The settlement arrives as Google confronts multiple antitrust battles. The Department of Justice secured a ruling in April 2025 that Google illegally monopolized publisher ad server and ad exchange markets, with remedies potentially requiring divestiture of key advertising technology assets. Judge Amit Mehta ruled in August 2024 that Google violated antitrust laws by maintaining its search monopoly through exclusive distribution agreements, with the Justice Department proposing remedies including Chrome browser divestiture.

“We’ve always turned down special deals just for Epic. We’ve always fought on the principle that all developers should be given the same opportunities.”

— Tim Sweeney, Epic Games CEO, December 2023

The settlement exists separately from a $700 million agreement Google reached with 36 states in September 2023, which includes $630 million for consumers and $70 million for states. More than 100 million people made purchases at Google’s Play store between August 2016 and September 2023, with automatic payments beginning in December 2025.

Competitive Landscape Implications

The alternative app store ecosystem remains fragmented but growing. Existing platforms include Samsung’s Galaxy Store, which offers significantly less competition than Google Play for app owners but limits reach to Samsung device owners, and Huawei’s AppGallery, the third-largest Android app store globally with 580 million users across 170 countries and 5.4 million registered developers.

After the appeals court win, Epic CEO Tim Sweeney announced the Epic Games Store for Android would be coming to the Google Play Store. Epic said in January 2026 that its games app is now available on Google Play worldwide, marking a reversal from the company’s initial 2018 strategy of sideloading Fortnite to avoid Google revenue sharing, which led to malicious clones appearing in the Play Store before Epic relented in 2020.

Key Takeaways
  • Settlement caps Google’s in-app fees at 9-20%, down from 15-30%, through 2032 globally
  • $800M Epic-Google business partnership raises conflict-of-interest concerns with FTC and presiding judge
  • Deal would allow third-party app stores easier Android installation but permits Google to mandate dual billing options
  • Microsoft, FTC oppose settlement structure; MIT economist appointed to assess competitive impact
  • Outcome could influence ongoing DOJ antitrust cases against Google in search and ad tech markets

What to Watch

Judge Donato’s approval remains uncertain, with the court scrutinizing whether the business partnership between Epic and Google undermines the remedy’s purpose. The $800 million arrangement—which according to court testimony involves “joint product development, joint commitment, joint partnerships”—could determine whether antitrust settlements between Big Tech firms can include commercial arrangements that benefit plaintiffs directly.

The MIT expert witness assessment will clarify whether reduced fees and streamlined app store registration truly restore competition or simply formalize Google’s dominance under modified terms.

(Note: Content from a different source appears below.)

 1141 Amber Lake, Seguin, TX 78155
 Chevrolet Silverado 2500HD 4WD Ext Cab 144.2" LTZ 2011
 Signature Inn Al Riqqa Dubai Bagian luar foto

Microsoft’s objection that mandatory dual billing options negate competitive incentives points to implementation details that could determine real-world impact.

Broader implications extend to Apple’s ongoing battles with regulators and Epic’s largely unsuccessful parallel case against iOS App Store policies. If approved, the settlement establishes precedent for how courts balance practical implementation concerns against structural remedies designed to restore competition—a framework likely to influence the remedy phase of DOJ’s search monopolization case and potential outcomes in ad tech litigation. The February 2026 objection deadline and April 30 final approval hearing will determine whether this becomes a template for Big Tech antitrust resolution or a cautionary tale about regulatory capture through commercial partnership.